Problem statement: Each line from the one holding "outdoor hot tub" to the last line below must be restated word for word, and no picture may be included.

Dataset records:
···

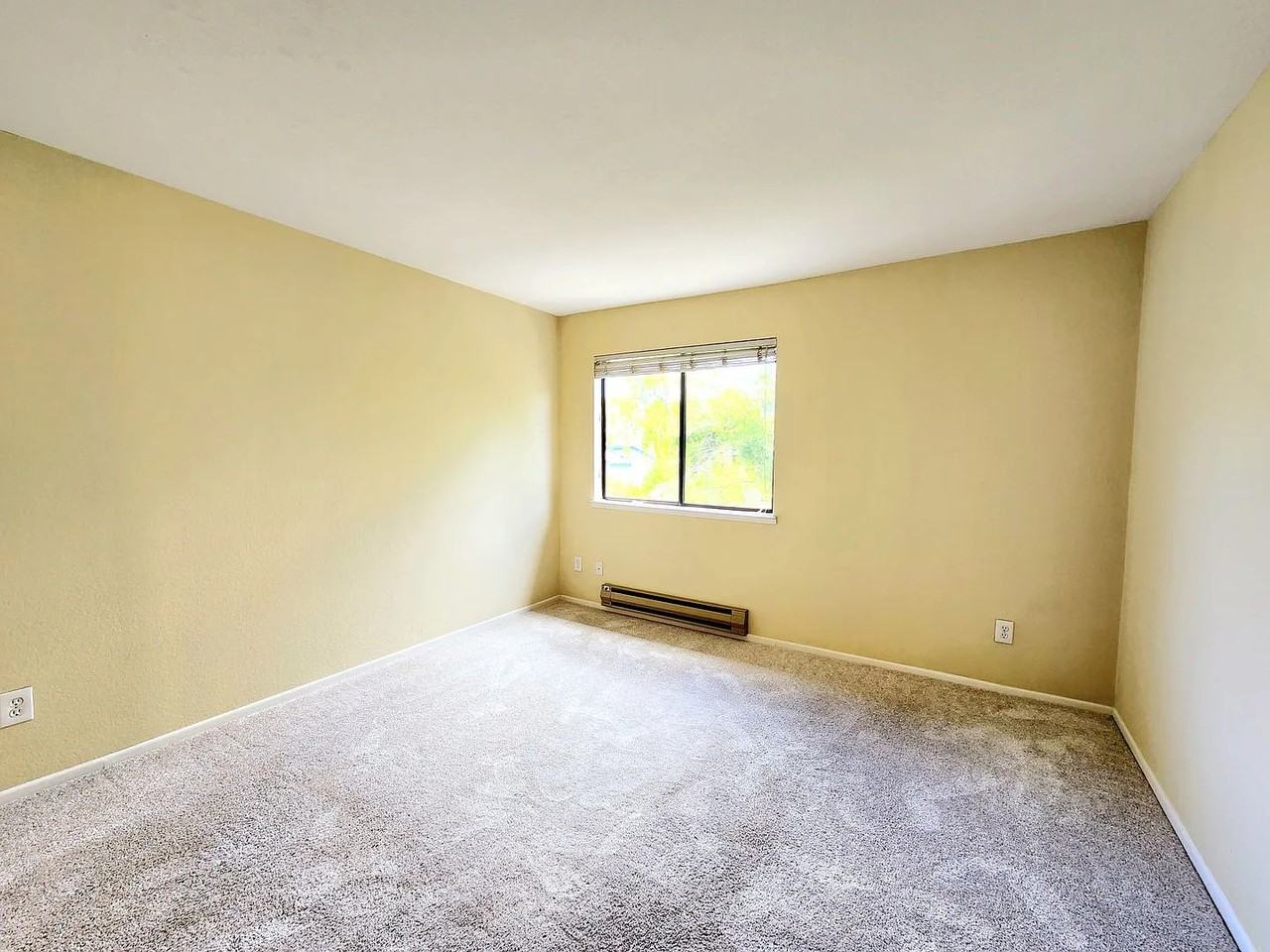 853 Woodside Way - Photo 7 of 13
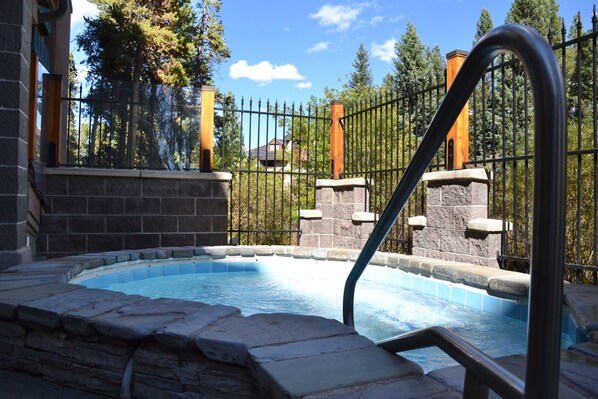 outdoor hot tub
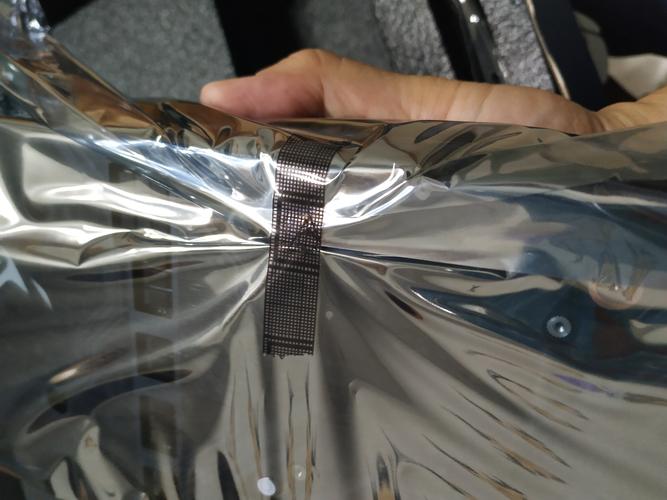 京东买古驰包拆封像二手，万元退款遭推诿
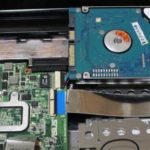 小型や薄型のノートパソコンの蓋を開けてパーツを交換して修理するには？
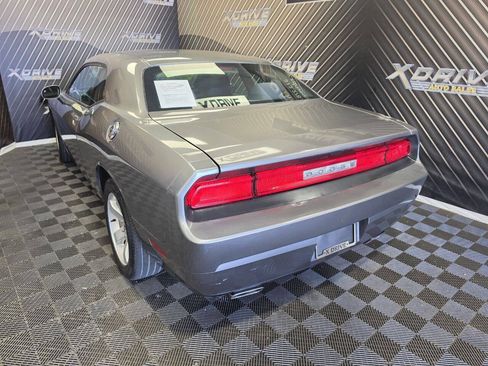 Used 2012 Dodge Challenger SXT RWD image 8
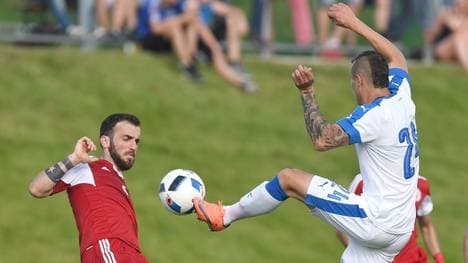 Adam Zrelak (r.) erzielte für die Slowakei das 3:0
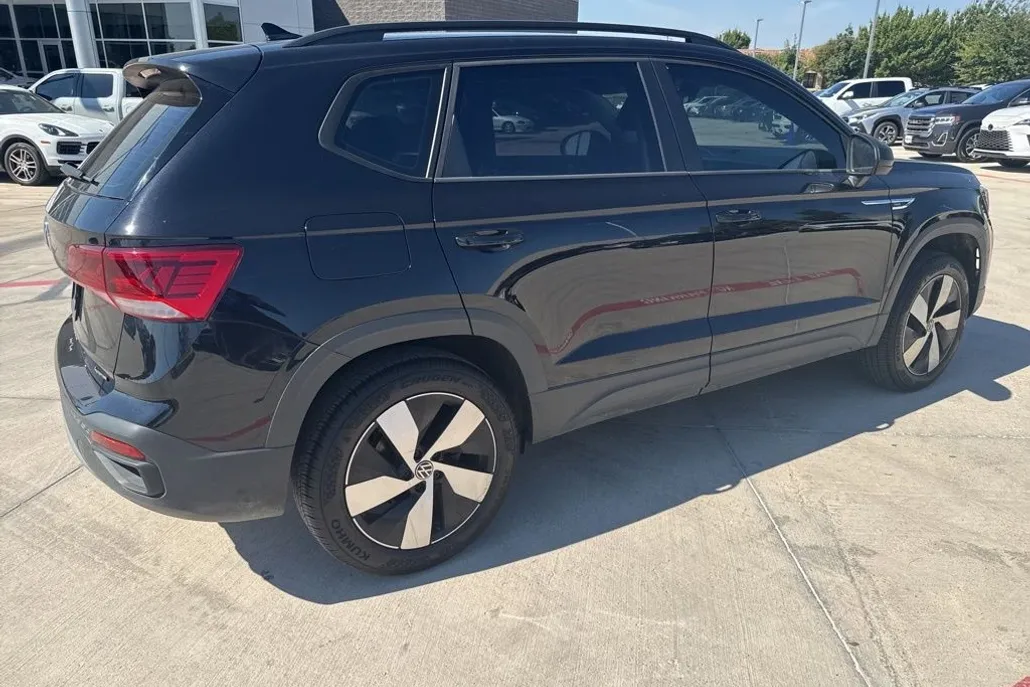 2024 Volkswagen Taos S photo 1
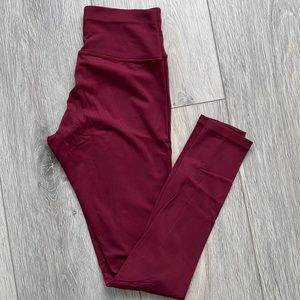 Cranberry Core Universal Standard Leggings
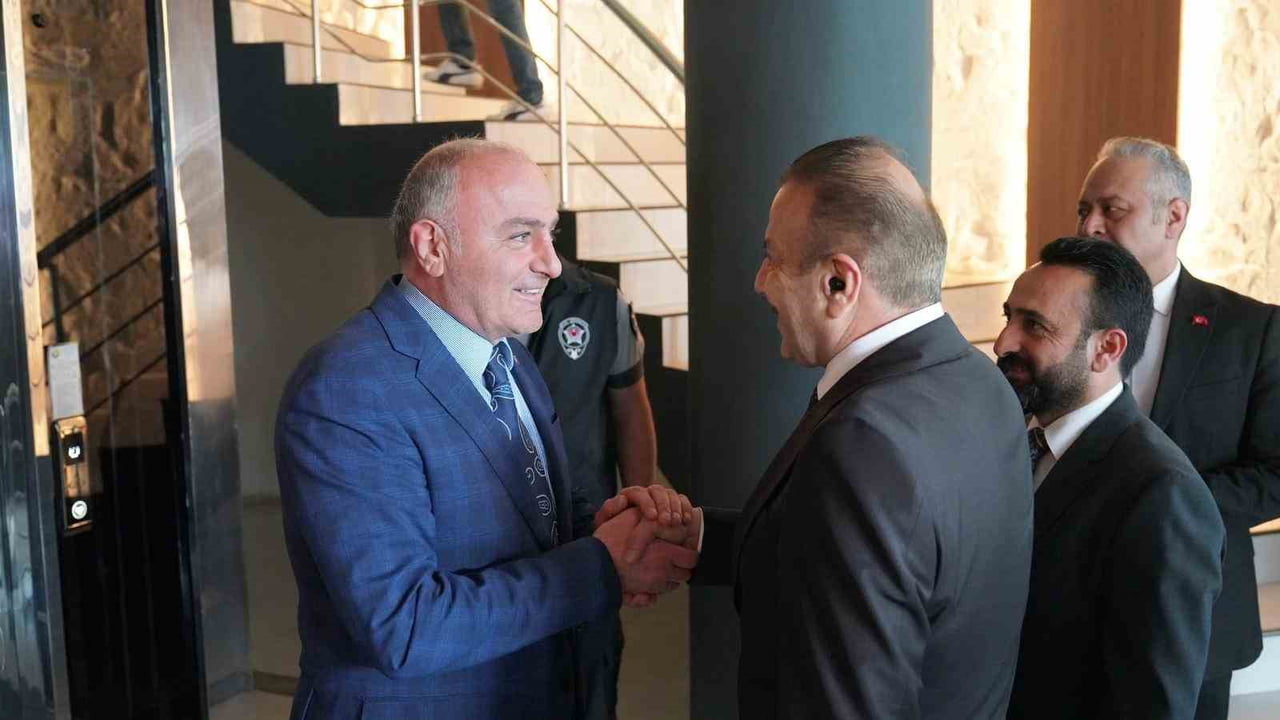 DUHOK TİCARET VE SANAYİ ODASI İLE IKBY HEYETİ ETSO'NI ZİYARET ETTİ.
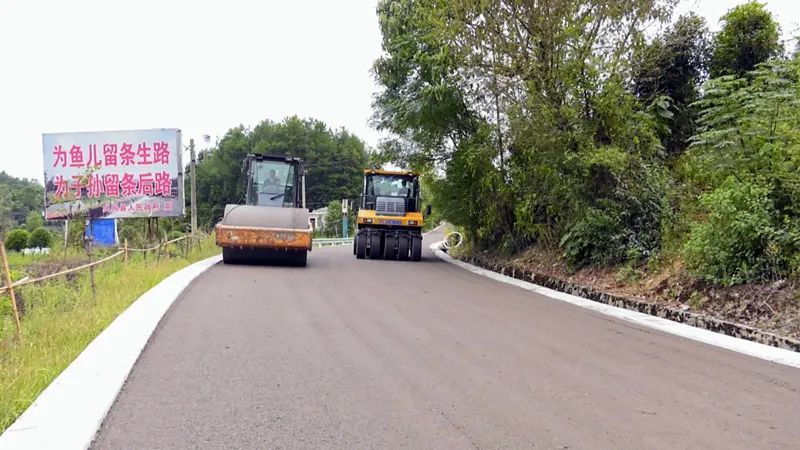 凤冈鄢松线路面提升改造稳步推进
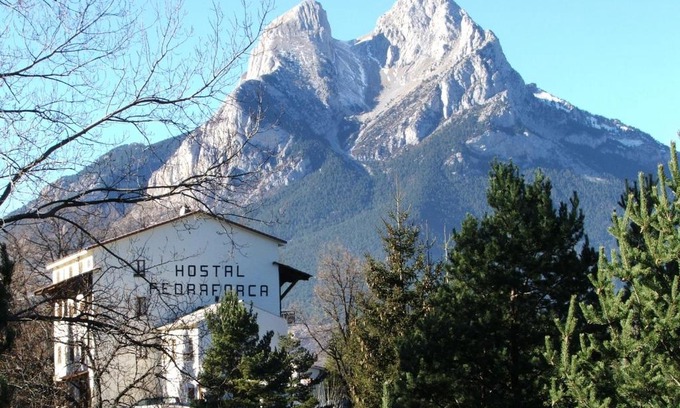Saldes House | Hostal Pedraforca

···

Task output:
 outdoor hot tub
 京东买古驰包拆封像二手，万元退款遭推诿
 小型や薄型のノートパソコンの蓋を開けてパーツを交換して修理するには？
 Used 2012 Dodge Challenger SXT RWD image 8
 Adam Zrelak (r.) erzielte für die Slowakei das 3:0
 2024 Volkswagen Taos S photo 1
 Cranberry Core Universal Standard Leggings
 DUHOK TİCARET VE SANAYİ ODASI İLE IKBY HEYETİ ETSO'NI ZİYARET ETTİ.
 凤冈鄢松线路面提升改造稳步推进
Saldes House | Hostal Pedraforca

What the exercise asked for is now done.